The Marine sergeant, Ferris, had heard the fo'c'sle lookout's hail and marched the two Marines to the starboard side first: officers boarded on the starboard side, and the visitors were almost certainly officers. He halted the two men, detached one amid a volley of orders and a cloud of pipeclay, and then marched the second Marine over to the larboard side.
Aitken looked at the boat with the telescope in the few remaining moments before it was hidden by the frigate's bow. After his inspection he looked grim, shut the telescope and put it away in the binnacle box drawer. He walked over to Ramage. 'I'll meet our visitors, sir; I don't think you'll need to see them.'
Ramage nodded, because no one in the Navy had much time for privateers; in fact he assumed these privateersmen had been cruising well down in the South Atlantic and had only just learned of the new Treaty that put them out of business. Their licence, or letter of marque, to give it the proper name, gave them permission to wage war on the King's enemies (the Republic's enemies if French, of course) providing there was a war on. A hostile act against any ship in peacetime was piracy, and the penalty for piracy was hanging.
As he walked down the ladder from the quarterdeck towards the entryport, Aitken heard the sentry's challenge, and, from beyond the ship, a reply that sounded like a single word, the name of a ship. So the captain of the privateer - the former privateer, he corrected himself - was paying a visit. Probably, he realized, to get news of the Treaty: they would have heard only gossip and hearsay from the merchant ships, and were now seizing the opportunity of having it - officially, as far as they were concerned - from one of the King's ships. After all, hearing that a profitable way of life was now illegal - well, even privateersmen could not be blamed for wanting to have the news confirmed by a reliable source.
'Sir,' the sentry said, obviously puzzled, 'the boat's alongside and they've got a white flag flying - lashed to a boarding pike. They've only just lashed it this moment because I saw a fellow sitting there with a pole, and there weren't no flag...'
Aitken went to the port and looked down at the boat. The bowman had hooked on; a man at the stern was waiting for one of the Calypso's seamen to throw down a sternfast while the bowman waited for a painter.
In the meantime the four men sat in the sternsheets, one of them, a big Negro, holding between his knees the boarding pike with a square of grubby white cloth secured to it.
Aitken noticed that the four men had pistols in their belts,and there were cutlasses in the bottom of the boat, but that was reasonable enough: the Calypso herself had flown false colours in the late war to get herself into a position to attack the enemy - after hoisting her true colours. And privateersmen, he had to admit, would be among the most cautious and distrustful men afloat.

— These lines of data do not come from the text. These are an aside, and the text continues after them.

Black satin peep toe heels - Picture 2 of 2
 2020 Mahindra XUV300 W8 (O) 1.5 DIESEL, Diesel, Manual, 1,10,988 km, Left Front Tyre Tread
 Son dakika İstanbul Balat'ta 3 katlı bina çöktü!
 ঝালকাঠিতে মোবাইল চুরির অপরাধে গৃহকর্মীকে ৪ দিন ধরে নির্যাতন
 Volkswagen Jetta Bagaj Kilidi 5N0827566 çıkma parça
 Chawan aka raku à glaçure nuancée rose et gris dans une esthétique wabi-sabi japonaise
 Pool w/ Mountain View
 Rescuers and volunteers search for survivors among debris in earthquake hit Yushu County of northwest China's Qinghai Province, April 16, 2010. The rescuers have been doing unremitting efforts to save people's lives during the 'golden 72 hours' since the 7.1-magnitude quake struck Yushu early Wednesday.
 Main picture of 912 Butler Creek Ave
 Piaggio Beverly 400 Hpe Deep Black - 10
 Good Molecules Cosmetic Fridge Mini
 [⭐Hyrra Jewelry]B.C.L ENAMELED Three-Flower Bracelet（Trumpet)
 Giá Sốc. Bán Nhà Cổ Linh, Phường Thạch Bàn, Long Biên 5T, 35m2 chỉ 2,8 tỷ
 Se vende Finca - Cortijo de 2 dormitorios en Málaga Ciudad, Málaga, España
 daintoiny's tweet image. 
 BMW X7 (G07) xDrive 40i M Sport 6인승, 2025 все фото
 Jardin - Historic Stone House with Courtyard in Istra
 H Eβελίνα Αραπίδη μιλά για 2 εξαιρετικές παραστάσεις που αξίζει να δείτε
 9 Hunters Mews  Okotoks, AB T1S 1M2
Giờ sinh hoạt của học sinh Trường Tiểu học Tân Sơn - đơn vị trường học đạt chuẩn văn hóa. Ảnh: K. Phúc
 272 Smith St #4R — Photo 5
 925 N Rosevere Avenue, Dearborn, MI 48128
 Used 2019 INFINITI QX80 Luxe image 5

Nevertheless, Aitken wanted an explanation of the flag of truce before anyone stepped on board.
'Why are you waving that truce flag?' he demanded.
'Not waving it,' one of the men answered. 'Holdin' it still.'
'Answer my question.'
'S'bluddy obvious. We want to come on board under a flag of truce.'
'A truce for what? The war's over.'
'Oh - it's true what they tell us, then?'
'I don't know who's been telling you what,' Aitken said, his tone more friendly, 'but Bonaparte signed a treaty of peace with Britain on the first day of last October.'
'That's good news. Can we come on board, then?'
'Of course. What's your ship?'
'The Lynx of Bristol, letter of marque.'
'Former letter of marque,' Aitken said.